Try it: Please print the line that holds "菠萝社 – 水手服大探险，柳侑绮私房原图，不小心想起我初恋的海洋梦" and each line after it to the end of the data, word for word, without any pictures.

Supplied data:
------------------------------------------------------------

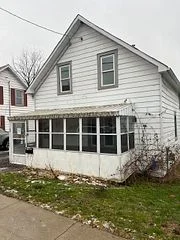 24 Mill Street W, Greater Napanee, ON K7R 1X4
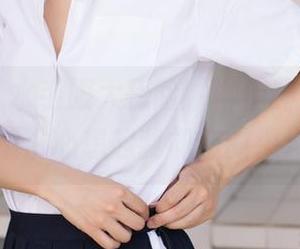 菠萝社 – 水手服大探险，柳侑绮私房原图，不小心想起我初恋的海洋梦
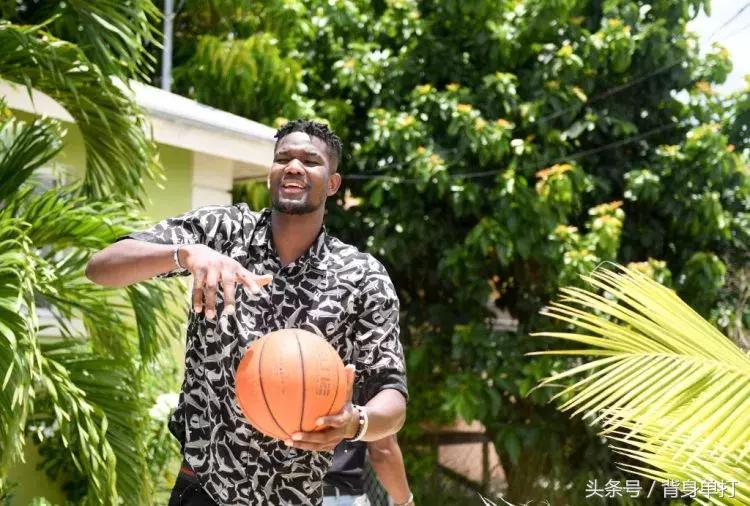 德安德烈艾顿是谁,德安德烈艾顿个人资料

------------------------------------------------------------

Answer to the exercise:
 菠萝社 – 水手服大探险，柳侑绮私房原图，不小心想起我初恋的海洋梦
 德安德烈艾顿是谁,德安德烈艾顿个人资料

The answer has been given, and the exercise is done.